One of the most important rituals in Kazakh families is Tusau Kesu. This is cutting of the fetters on child’s feet so that their future road in life is easy and bright.
From the earliest times until today, the Kazakh people have devoted a lot of time to raising children. Accompanied by various customs and traditions, the birth of a child has always been a great joy.
Tusaukeser (kaz: Тұсаукесер – fetter cutting) is one of the oldest Kazakh traditions, which is still observed. Dedicated to a toddler, the ritual is performed so that he or she could quickly get on their feet.
The custom of tusau kesu is believed to have existed among the Kazakhs since the time of Tengriism. As a rule, it is held as soon as a child begins to take their first steps, which most often happens when the baby turns one year old.
Our ancestors were sure that if the rite of cutting the fetters was not carried out, the child’s future would be unhappy and they would often stumble in their life’s journey. But if the custom is performed, the baby will have a bright and successful future.
Tusaukeser is a significant day for the child’s parents, and is usually a lavish celebration. A dastarkhan is set up for the guests and the whole celebration is a lot of fun.
The rules of the Tusaukeser
Traditionally, a special white cloth symbolizing the bright road (ak zhol) and multi-colored ropes are prepared for Tusau Kesu. The ropes usually come in three colors: red, white and green. White means purity, green stands for health and longevity, and red is for prosperity.

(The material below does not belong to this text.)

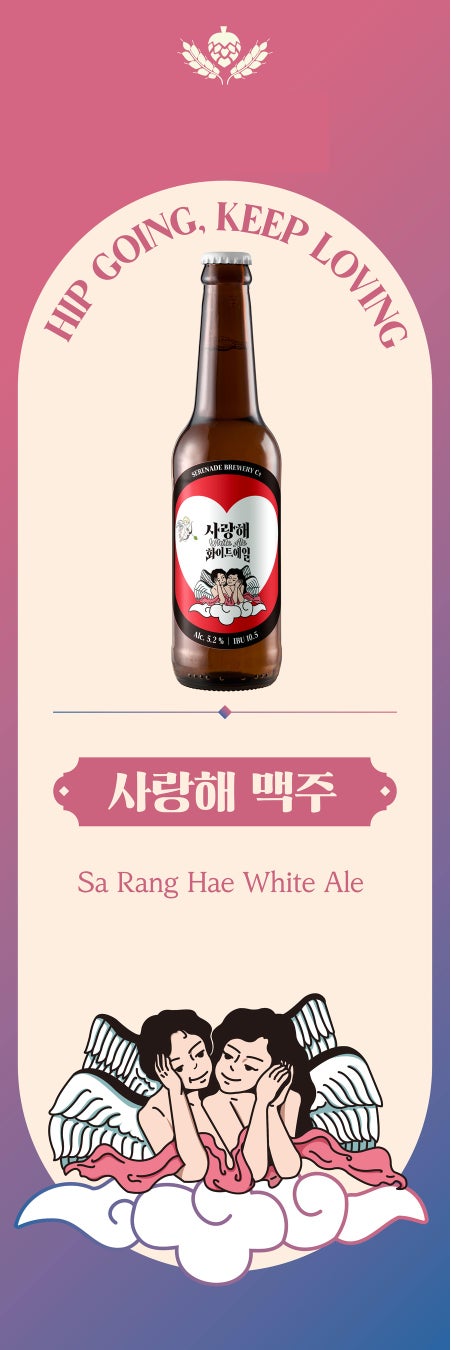韓国発プレミアムビール「サランヘ　ホワイトエール」が新ラベルになって登場！のサブ画像1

During the Tusau Kesu ritual, the child’s feet are tied with the ropes 8-shaped as a symbol of infinity. A person chosen in advance by the family for cutting the ropes should be full of energy, kind, with the most positive qualities and great achievements in life. It is believed that the future path of the baby will be as successful as that of the person performing the ritual.
Having cut the fetters, the very same person leads the child by both hands along a white path with several objects waiting for him at the end. Traditionally, these are an apple, a book, money and a dombra. The Kazakhs have always believed that the child’s future will be determined by the object he or she chooses.
Whether it is an apple, they will always be well-fed; if it is a book, the baby will have a bright and inquisitive mind; if the baby pick money, they will be rich; and having chosen the dombra, the child is expected to be creative and artistic.